🤖 AI Summary
To address the limitations of conventional fixed-time and actuated traffic signal control in adapting to dynamic traffic flows, this paper proposes a reinforcement learning (RL)-based adaptive traffic signal control framework that minimizes the total queue length across all signal phases. Methodologically, we design a lightweight yet expressive multi-dimensional state representation—integrating an extended state space, an autoencoder, and K-Planes-inspired feature encoding—and optimize the control policy using the Proximal Policy Optimization (PPO) algorithm. Training and evaluation are conducted in the SUMO simulation environment with a queue-length-driven sparse reward function. Experimental results show that, under optimal configuration, our approach reduces average queue length by 29% compared to the Webster method and significantly outperforms existing RL-based baselines. The key contributions are: (1) an efficient, low-overhead state representation mechanism; and (2) a robust, generalizable PPO training paradigm tailored for real-world deployment.
📝 Abstract
Efficient traffic signal control (TSC) is crucial for reducing congestion, travel delays, pollution, and for ensuring road safety.
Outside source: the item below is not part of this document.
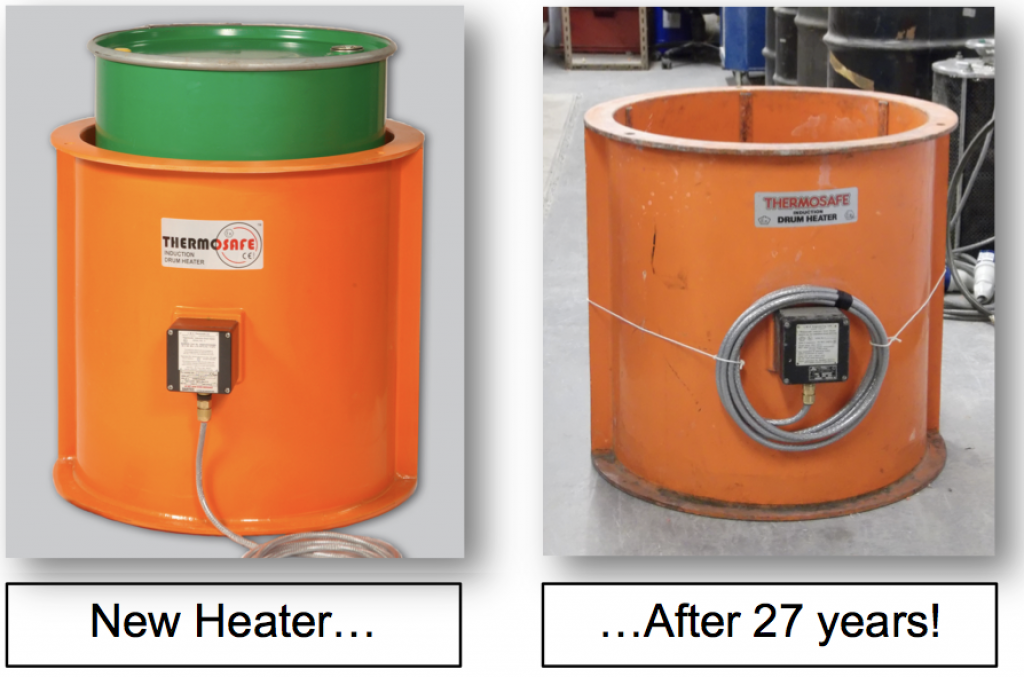 Thermosafe Induction Heater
Traditional approaches, such as fixed signal control and actuated control, often struggle to handle dynamic traffic patterns. In this study, we propose a novel adaptive TSC framework that leverages Reinforcement Learning (RL), using the Proximal Policy Optimization (PPO) algorithm, to minimize total queue lengths across all signal phases. The challenge of efficiently representing highly stochastic traffic conditions for an RL controller is addressed through multiple state representations, including an expanded state space, an autoencoder representation, and a K-Planes-inspired representation. The proposed algorithm has been implemented using the Simulation of Urban Mobility (SUMO) traffic simulator and demonstrates superior performance over both traditional methods and other conventional RL-based approaches in reducing queue lengths. The best performing configuration achieves an approximately 29% reduction in average queue lengths compared to the traditional Webster method. Furthermore, comparative evaluation of alternative reward formulations demonstrates the effectiveness of the proposed queue-based approach, showcasing the potential for scalable and adaptive urban traffic management.